Cette pièce de commande, écrite peu avant la mort de son auteur, se rapproche naturellement de Juste la fin du monde par ses thèmes et ses personnages. C’est une version disons « complète » de la pièce originale. Elle offre au lecteur-spectateur davantage de renseignements sur l’existence des personnages tout en en présentant de nouveaux. Au début, on ne comprend pas trop où on va, mais passées les vingt ou trente premières pages, on est plongé dans ce drame familial comme seul Lagarce sait en faire.
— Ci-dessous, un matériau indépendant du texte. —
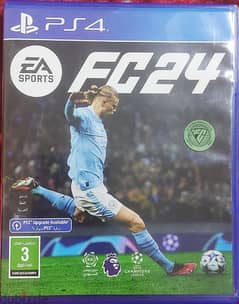 fc 24 ps4 arabic edition used like new 0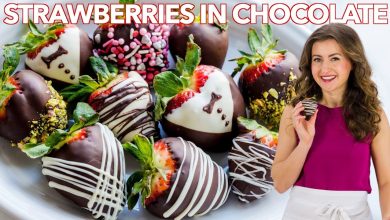 how to make chocolate covered strawberries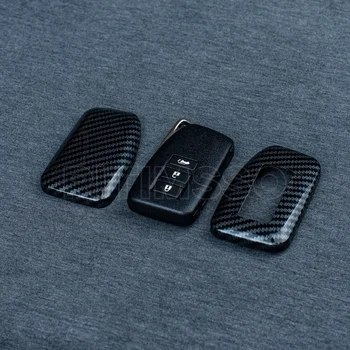 Carbonio ABS auto custodia per chiave a distanza guscio di copertura per Lexus NX GS RX IS ES GX LX RC 200 250 LS 350 H 450H accessori portachiavi 4 Carbonio ABS auto custodia per chiave a distanza guscio di copertura per Lexus NX GS RX IS ES GX LX RC 200 250 LS 350 H 450H accessori portachiavi - Carbonio ABS auto custodia per chiave a distanza guscio di copertura per Lexus NX GS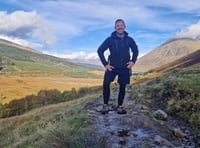 TV star takes on Beacons triathlon for charity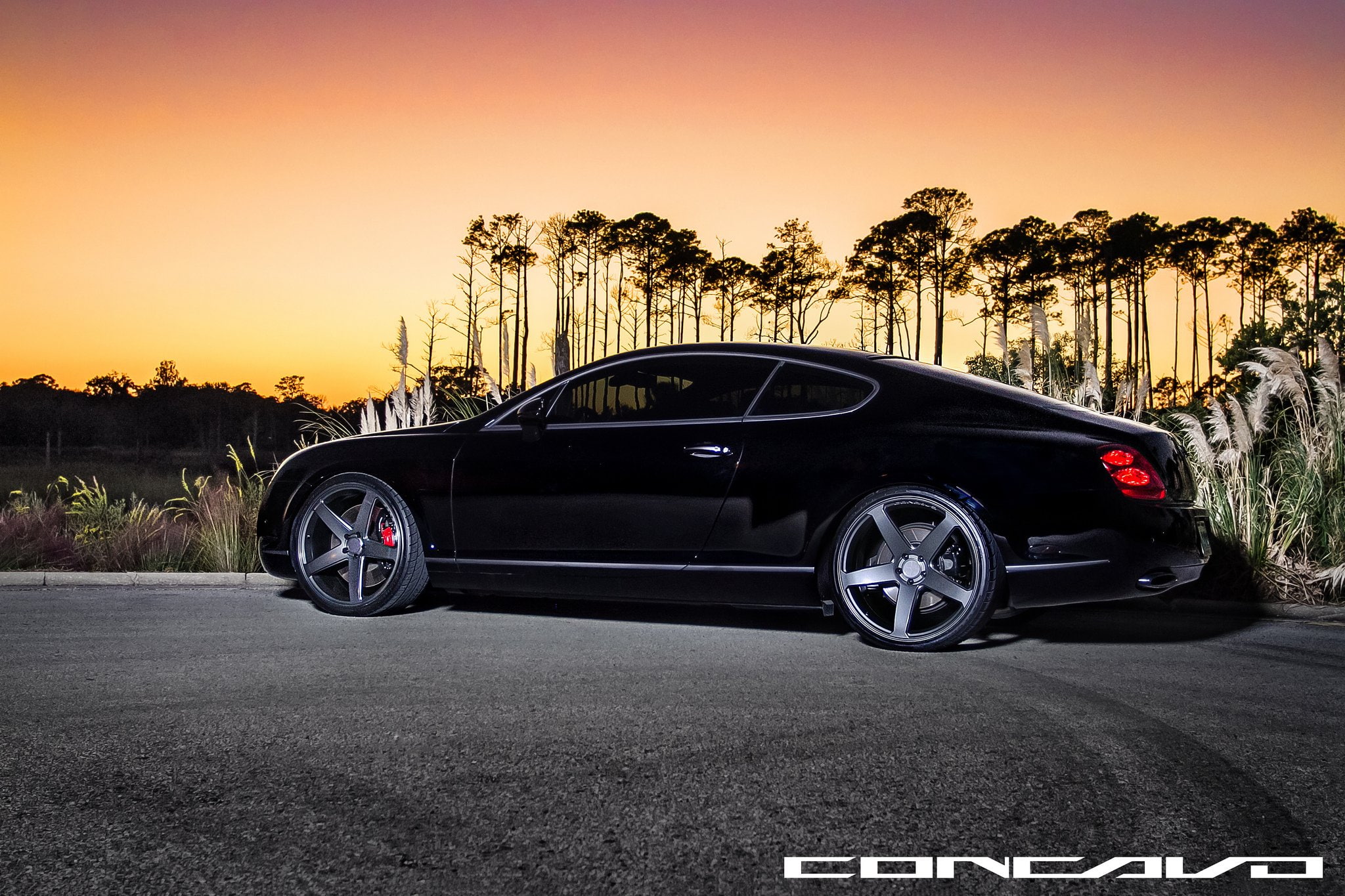 1080P, cars, continental, tuning, bentley, wheels, concavo, HD Wallpaper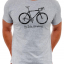 T-SHIRT BIKE WHISPERER GREY CYCOLOGY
Il y a une tension qui évolue tout au long de la pièce pour aboutir, à la fin, à la querelle qu’on sait si on a déjà lu Juste la fin du monde, passant de courtes répliques sans intérêt ou presque à de longs paragraphes pleins de sens, rageurs, qui dénotent toute la colère qui existe au sein de cette famille, notamment à travers Antoine à qui, d’après moi, le film de Dolan ne rend pas justice. L’hésitation dans la parole, le bégaiement, les répétitions, tout ce qui est propre à Jean-Luc Lagarce est ici retrouvé de manière totale et magnifiée. Pour faire un parallèle, on pourrait comparer l’enchaînement stylistique de Juste la fin du monde à Le Pays lointain au gouffre qui sépare Voyage au bout de la nuit et la trilogie allemande de Céline. L’auteur va au bout de son projet et de son style, et c’est prenant, c’est inquiétant et, surtout, c’est pertinent.
Au début, l’on pourrait se dire que deux pièces avec les mêmes personnages, c’est trop ; à la fin, on en redemande et, forcément, on regrette la mort prématurée de ce prodige de l’écriture. En tout cas, cela donne envie d’en lire davantage.